The Minnesota Senate has settled a lawsuit with Michael Brodkorb for $30,000, far less than the former GOP spokesman sought in his wrongful-termination lawsuit.
"I am glad to have this over with," Brodkorb said Thursday. "This is about putting this matter behind me and allowing me to get my life back and wake up tomorrow with this not on my shoulders."
The settlement ends the most riveting legal showdown at the Capitol in recent history, with the notoriously combative former communications chief threatening to churn up romantic affairs of current and former lawmakers in what promised to be a high-stakes courtroom political drama.
In the end, Brodkorb settled for what the Senate claims is the same severance package he was offered two years ago and agreed to pay his own legal fees. Brodkorb also acknowledged that the facts of the case did not support his gender discrimination claim. Taxpayers have already spent more than $300,000 in legal fees defending the Senate. The body's Rules Committee will need to approve the payment.
"We are pleased to have successfully resolved this matter in the best interests of taxpayers and the institution of the Minnesota Senate," said Senate Majority Leader Tom Bakk, DFL-Cook. "This agreement permanently dismisses Mr. Brodkorb's claims in their entirety while providing the limited severance pay that was offered to him before he commenced litigation."
Brodkorb, however, disputes the Senate account. "They did not offer me a severance package," he said.
Brodkorb was fired late in 2011 after then-Senate Majority Leader Amy Koch admitted the two were having a romantic affair. Both were married to other people at the time. Koch resigned her leadership position, and the interim head of the GOP caucus then ordered Brodkorb be fired.
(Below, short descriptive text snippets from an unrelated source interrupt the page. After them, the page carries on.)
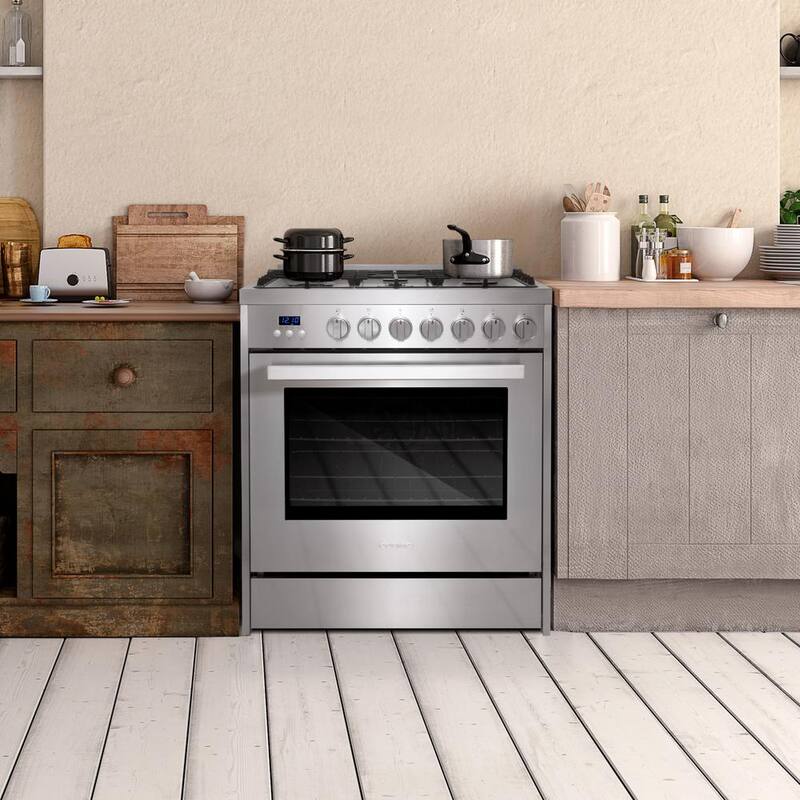 5 Burner Gas Range with Cast Iron Grates in Stainless Steel F681791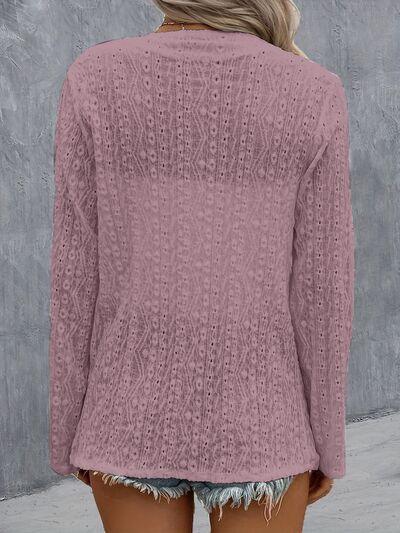 Eyelet Roll-Tab Sleeve Cardigan - Immenzive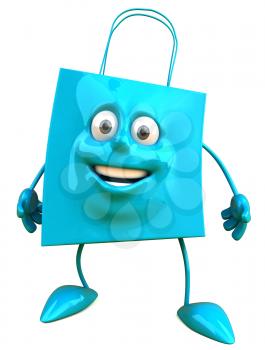 Royalty Free Clipart Image of a Blue Bag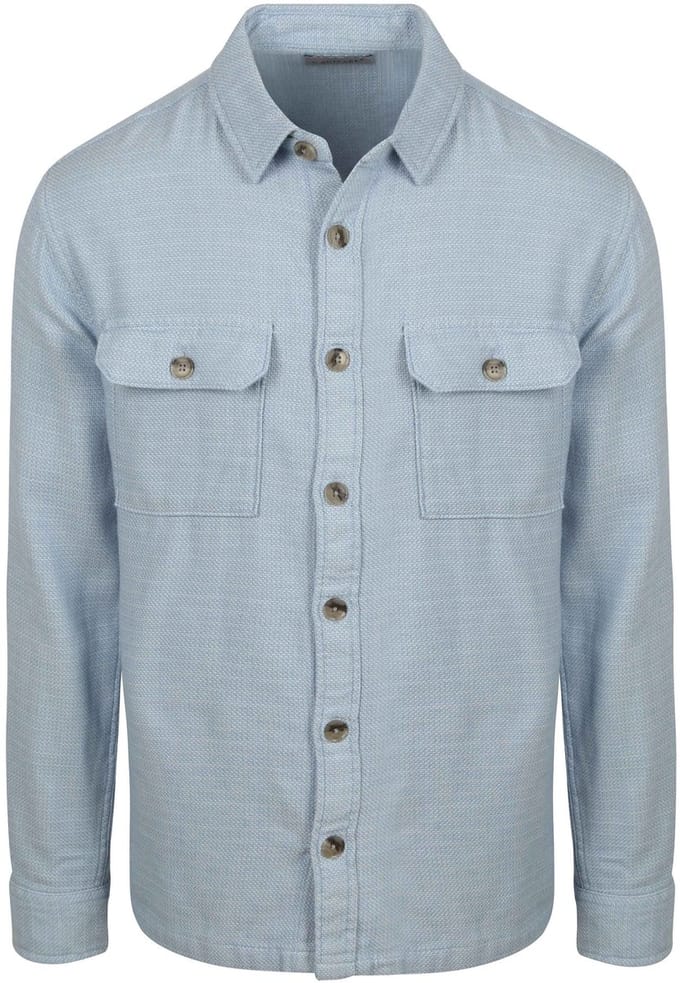 Suitable Overshirt Structure Lichtblauw - Maat XL - Heren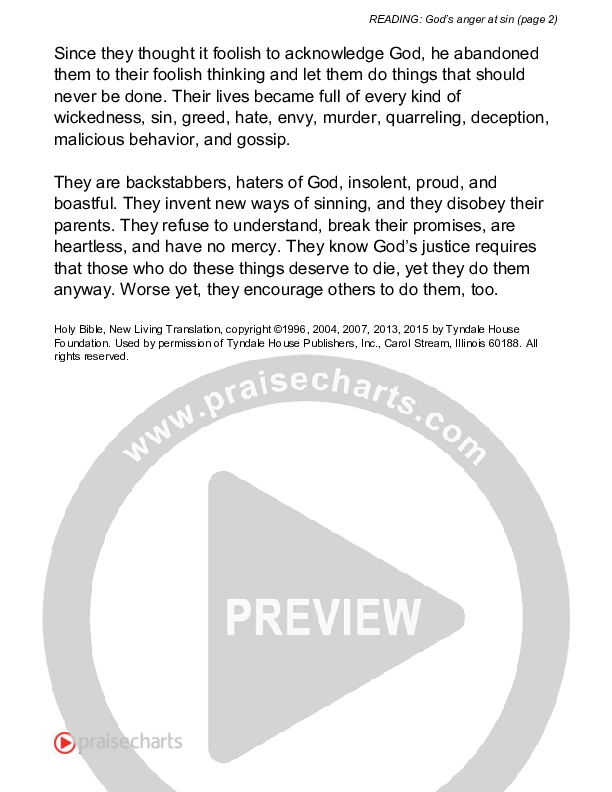 God's Anger At Sin (Romans 1) Reading (Scripture)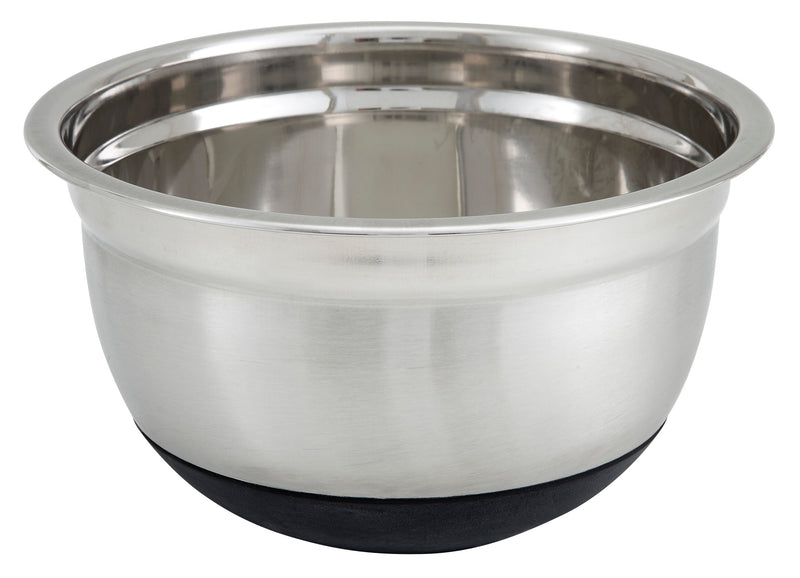 Winco MXRU-800 8 Quart German Mixing Bowl with Black Non-Slip Silicon Base Stainless Steel Mirror Finish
A longtime GOP political operative, Brodkorb filed a wrongful termination lawsuit seeking $500,000. He argued that he had been treated differently than female staffers caught in similar romantic relationships with elected officials. Brodkorb threatened to bring those other relationships to light to prove his case, which had the potential to create political and personal problems for current and former legislators.